Marquei essa posição com declarações de voto bem explícitas. No caso da reforma tributária, comecei lembrando que houve um erro essencial de precedência. Era indispensável alterar antes o pacto federativo para remover casos de duplicidades e triplicidades de competências e que funcionam como insaciáveis ralos dos recursos públicos.
Mas, se faltou essa preliminar formal, houve outra ausência imperdoável: a intenção de simplificar e diminuir o número de tributos, considerada universalmente sinal de racionalidade e eficácia tanto para o governo como para o contribuinte. Pois se fez o contrário -o texto aprovado amplia, confunde, aprofunda a complexidade dos conceitos dos tributos.
O erro seguinte se inscreve na categoria do golpismo institucional, prática que já parece inerente ao exercício do poder neste país: o governo Federal, sorrateiramente, reduz a autonomia dos Estados, unificando a legislação do ICMS, uma forma de lhes tirar poder inerente ao modelo de Federação que adotamos, podando atribuição das Assembléias Legislativas. Golpe é isso, a manobra ardilosa que passa despercebida e violenta regras democráticas importantes, como eram esses espaços de política fiscal e macroeconômica de que devem dispor os Estados.
Na verdade, a reforma fiscal foi apenas uma fachada pretensiosa para que o governo, minúsculo na sua visão, promovesse apenas duas coisas: a restauração da CPMF, com alíquota de 0,38% que se reduziria a 0,08% a partir de 1º de janeiro de 2004, para atender a objetivos de fiscalização do IR e à desoneração dos fundos orçamentários. O resto eram penduricalhos, quase todos perversos, alguns imorais, como as taxações de insumos agropecuários em 329%, e que repercutiriam na cesta básica com aumentos de 7% a 12%.
Haveria a volta do selo-pedágio (que retrocesso!) ou de tributos que impediriam viúvas e órfãos de classe média de desfrutar de heranças de imóveis para moradia, ou que adotariam o valor venal do imóvel para calcular a Contribuição de Limpeza Urbana. Sem falar de escamoteações como a do novo IPVA sobre embarcações e aeronaves, anunciado como punição aos consumidores de barcos de luxo e jatinhos, mas que, foi-se ver, oneraria as passagens aéreas e embarcações de uso popular.

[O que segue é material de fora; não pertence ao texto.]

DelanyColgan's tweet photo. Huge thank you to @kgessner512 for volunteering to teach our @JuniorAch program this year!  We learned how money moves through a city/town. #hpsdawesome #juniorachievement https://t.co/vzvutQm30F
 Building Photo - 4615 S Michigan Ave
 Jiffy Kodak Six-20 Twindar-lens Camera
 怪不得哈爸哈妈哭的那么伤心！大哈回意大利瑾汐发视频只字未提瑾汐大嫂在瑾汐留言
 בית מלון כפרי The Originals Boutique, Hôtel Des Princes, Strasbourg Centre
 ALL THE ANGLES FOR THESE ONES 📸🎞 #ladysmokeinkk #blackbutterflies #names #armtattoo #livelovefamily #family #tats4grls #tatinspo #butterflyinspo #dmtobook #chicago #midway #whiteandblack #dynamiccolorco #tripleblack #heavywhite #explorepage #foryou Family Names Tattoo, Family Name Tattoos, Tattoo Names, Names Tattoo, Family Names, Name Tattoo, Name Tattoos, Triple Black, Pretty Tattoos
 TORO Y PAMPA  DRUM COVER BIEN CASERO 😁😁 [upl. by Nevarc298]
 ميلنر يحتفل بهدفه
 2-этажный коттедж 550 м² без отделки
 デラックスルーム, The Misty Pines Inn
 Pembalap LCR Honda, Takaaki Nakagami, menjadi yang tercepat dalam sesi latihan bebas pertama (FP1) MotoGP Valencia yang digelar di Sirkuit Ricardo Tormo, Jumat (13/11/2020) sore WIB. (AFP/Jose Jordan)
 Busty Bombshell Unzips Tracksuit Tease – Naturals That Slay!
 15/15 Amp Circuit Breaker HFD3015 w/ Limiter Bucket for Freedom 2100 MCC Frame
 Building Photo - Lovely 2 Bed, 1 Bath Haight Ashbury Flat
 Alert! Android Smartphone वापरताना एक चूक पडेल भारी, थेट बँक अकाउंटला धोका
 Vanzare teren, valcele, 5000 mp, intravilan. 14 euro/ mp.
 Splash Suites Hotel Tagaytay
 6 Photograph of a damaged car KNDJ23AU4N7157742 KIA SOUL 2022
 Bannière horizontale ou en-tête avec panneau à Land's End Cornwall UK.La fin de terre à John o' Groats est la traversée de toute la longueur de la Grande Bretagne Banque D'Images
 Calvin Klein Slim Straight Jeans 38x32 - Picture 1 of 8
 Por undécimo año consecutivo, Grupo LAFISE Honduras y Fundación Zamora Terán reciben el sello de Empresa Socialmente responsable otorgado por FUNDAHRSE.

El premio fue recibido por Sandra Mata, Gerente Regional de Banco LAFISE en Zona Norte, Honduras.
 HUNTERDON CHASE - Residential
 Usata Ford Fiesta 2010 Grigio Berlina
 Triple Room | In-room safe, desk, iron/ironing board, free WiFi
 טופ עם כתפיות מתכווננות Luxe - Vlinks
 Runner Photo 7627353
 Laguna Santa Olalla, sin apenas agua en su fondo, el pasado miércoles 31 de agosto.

Essas asneiras conseguimos retirar.
Mas o que ficou foram as estúpidas "contribuições" (não me conformo com a nomenclatura fajuta que dá outro nome aos impostos) sobre importação de mercadorias e serviços (pão, macarrão, combustíveis, componentes eletrônicos etc.), sobre o consumo de energia elétrica, sobre importação de petróleo e derivados.
Entre os pequenos avanços, um registro para o aumento do Fundo de Participação dos Municípios, que passa de 22,5% para 23,5%, mais R$ 1,5 bilhão em 2005 e 2006. Essa melhoria da partilha do bolo tributário foi arrancada a fórceps pelo senador José Agripino, líder do PFL, que se revelou extraordinário negociador, tal como o líder Aleluia na Câmara.
O governo, satisfeito com sua mediocridade e falta de projeto, festeja. Acha que deu uma demonstração de poder, mas não revela a que preço. A oposição teve uma dura experiência e merece respeito e reconhecimento, pois não é fácil desafiar a incompetência quando ela assume o governo da República.


Jorge Bornhausen, 66, senador pelo PFL-SC, é o presidente nacional do partido.